You will really have to enjoy the Special Edition graphics, 70GB more of hard drive space, Bluetooth, and Draft N Wi-Fi to choose this model over the cheaper dv4-1125nr because the Pavilion dv4-1155se continues the trend of AMD-based laptops trailing in performance behind similarly priced Intel-based models. The dv4-1155se features a 2.2GHz AMD Turion X2 Ultra Dual-Core ZM-82 processor, and the dv-1125nr features a 2.0GHz Intel Core 2 Duo T5800 chip. Don't let the clockspeed fool you; the Intel based model was 18 percent faster on our multimedia benchmark and 25 percent faster on our Photoshop CS3 test. Both models completed our iTunes benchmark in a statistical tie; we would have guessed that the AMD-based dv4-1155se would have enjoyed more than an insignificant 4-second advantage, given our iTunes test is heavily dependent on CPU clockspeed. While any modern dual-core laptop with 4GB of memory and 64-bit Vista (which can address all 4GB of RAM) will suffice for the majority of mainstream users, the fact remains that you can get more bang for fewer bucks with the Intel-based Pavilion dvr-1125nr.

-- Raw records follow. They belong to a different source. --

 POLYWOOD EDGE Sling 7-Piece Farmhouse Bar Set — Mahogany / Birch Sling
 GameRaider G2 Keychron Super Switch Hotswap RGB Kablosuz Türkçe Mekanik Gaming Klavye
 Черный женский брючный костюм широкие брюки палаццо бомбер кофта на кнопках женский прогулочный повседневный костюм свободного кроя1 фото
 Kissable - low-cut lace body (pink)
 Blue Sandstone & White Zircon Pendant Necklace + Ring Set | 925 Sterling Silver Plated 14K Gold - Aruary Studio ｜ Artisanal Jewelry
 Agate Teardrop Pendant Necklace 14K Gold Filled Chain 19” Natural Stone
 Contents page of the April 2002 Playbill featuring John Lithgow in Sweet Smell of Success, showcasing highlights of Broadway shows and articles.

Operating on the current AMD's current 780 mobile chipset, the dv4-1155se features ATI Radeon HD3200 integrated graphics. To see how this setup compares with Intel's current GMA 4500MHD integrated graphics solution, we ran the dv4-1155se and the dv4-1125nr through 3DMark06 at their native 1,280x800-pixel resolution. The dv4-1155se scored 1,569 marks to the Intel-based dv4-1125nr's score of 974, which gives the ATI HD3200 a considerable 61 percent edge on this 3D graphics test. This result doesn't mean that the Pavilion dv4-1155se is a gaming powerhouse; no laptop is that relies on integrated graphics that must borrow resources from the main system memory. It does mean that you'll be able to eke out a few more frames per second than the with the dv4-1125nr, on older games at a modest resolution.